Aspiring Data Scientist

Dockerize Data Science Project

15 Apr 2019 » Data Engineering

This tutorial is similar to the docker introduction found on this website. It has been expanded to include multiple files and scripts/csv files for data analysis.

What is Docker?

Docker is a tool designed to make it easier to create, deploy, and run applications by using containers. Containers allow a developer to package up an application with all of the parts it needs, such as libraries and other dependencies, and ship it all out as one package.

Why use Docker?

Your code works on your machine, but doesn’t work on another person’s machine. A reason for this is that the other person’s machine doesn’t have libraries or dependencies that are as up-to-date as yours. By using containers, your application will run on any other Linux machine regardless of any customized settings that machine might have that could differ from the machine used for writing and testing the code.

Assumptions

Let’s assume we have a local folder called Analysis. In it are two scripts: Analysis_1.py and Analysis_2.py.

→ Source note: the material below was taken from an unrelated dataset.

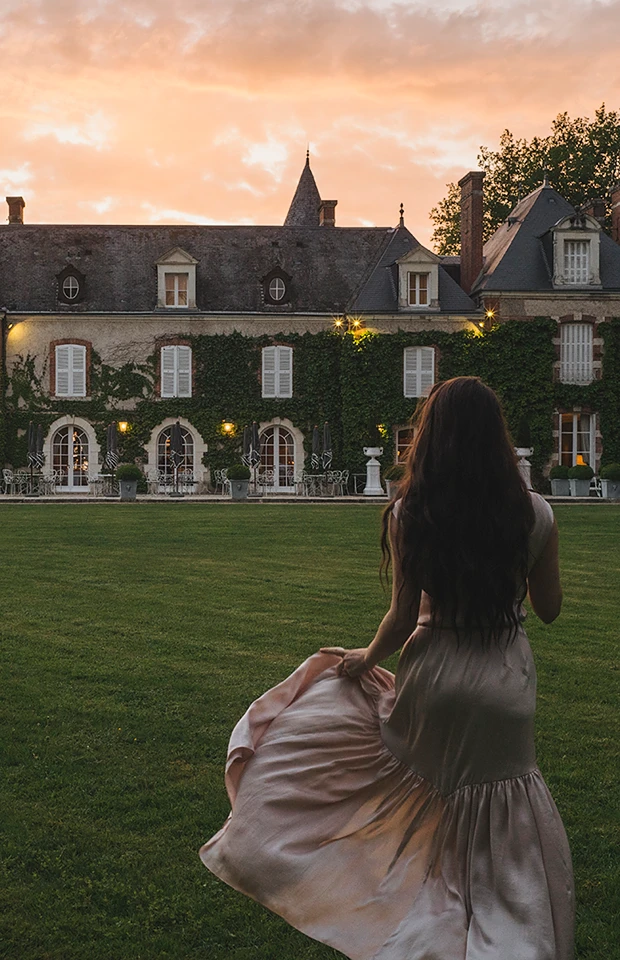 Une femme en robe longue marche sur la pelouse vers un grand manoir couvert de lierre au coucher du soleil.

We want to create a container that executes both these scripts and outputs the results.

We also have our csv files found in folder data. data is on the same folder level as Analysis.

1. Install Docker

Instructions here help get Docker installed

2. Add requirements.txt and entrypoint.sh

Below are libraries to include for our container. These are saved in a file requirements.txt

pandas
seaborn
scipy
xlrd
matplotlib

Because we want to run multiple scripts in our file, we’ll need a bash file for our container to execute. This is saved in a file entrypoint.sh.

python Analysis.py
python Analysis_2.py

3. Configure Dockerfile

Create an empty directory on your local machine. Change directories (cd) into the new directory, create a file called Dockerfile, copy-and-paste the following content into that file, and save it.

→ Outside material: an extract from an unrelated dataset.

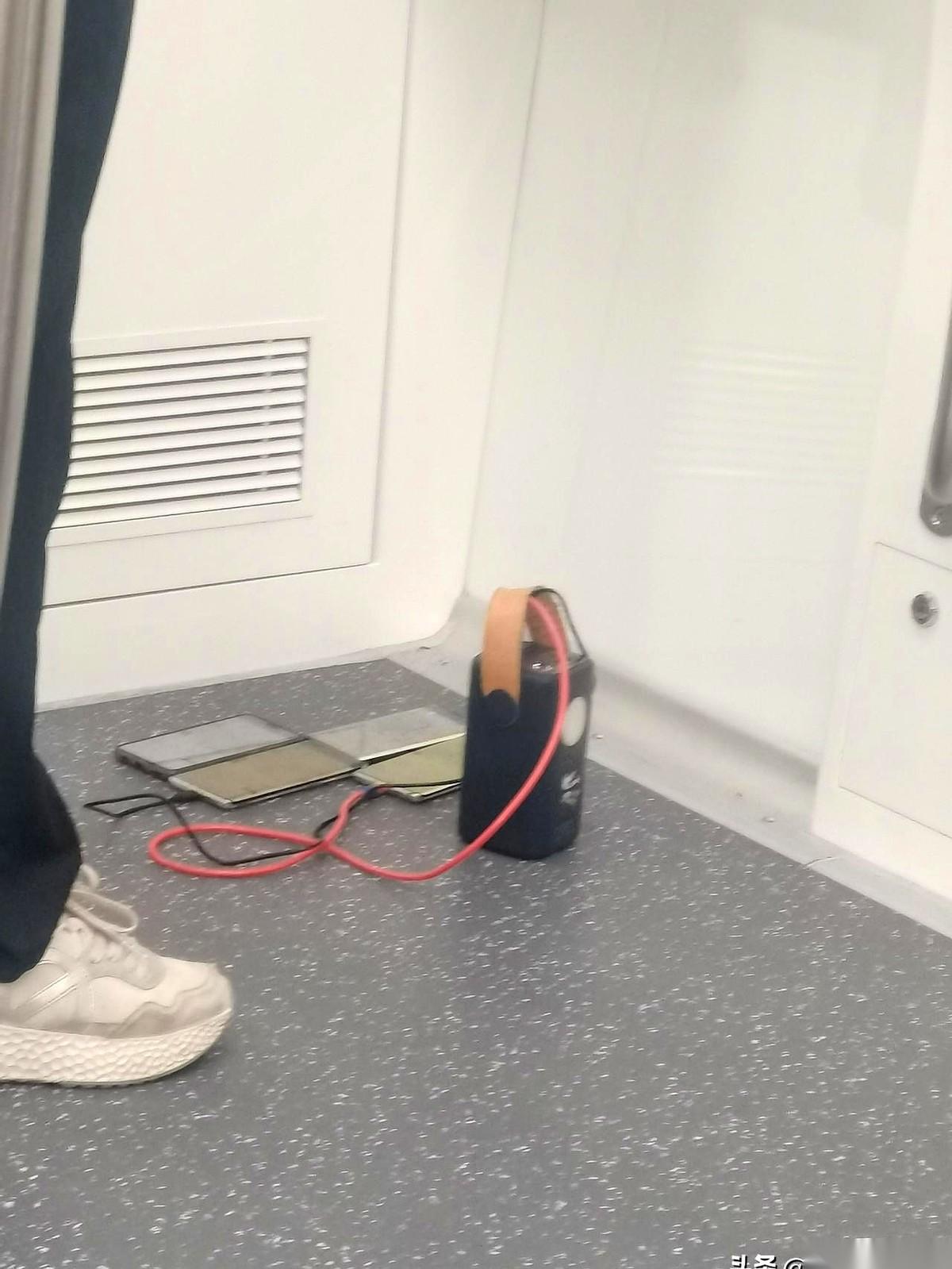 地铁门一开，上来个男的，一屁股坐下，就从包里往外掏东西。一部，两部，三部……当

#start with 3.7.2 version of python
FROM python:3.7.2

MAINTAINER Hari Devanathan <hd2zm@tailordev.fr>

#ENV PYTHONUNBUFFERED 1

ADD Analysis/Analysis.py  Analysis.py 
ADD Analysis/Analysis_2.py Analysis_2.py 

#update packages instlaled in the os
RUN apt-get update && \
    apt-get install -y --no-install-recommends \
        libatlas-base-dev gfortran

#Copy the list of python packages to install
COPY requirements.txt requirements.txt

#Copy all government data used
COPY ./data ./data

#Now install the python packages
RUN pip install -r requirements.txt

#Run script
ENTRYPOINT [ "entrypoint.sh" ]

#Allow access on port 8888
EXPOSE 8888

4. Build Dockerfile

At the top level of your directory, you should have the following when you do ls.

Analysis
data
Dockerfile
requirements.txt
entrypoint.sh 

Run this command to create a container called dataanalysis

$ docker build --tag=dataanalysis

To see if the image is created, run $ docker image ls.

$ docker image ls

REPOSITORY            TAG                 IMAGE ID
dataanalysis        latest              326387cea398

You can now run $ docker run -p dataanalysis, and share the output.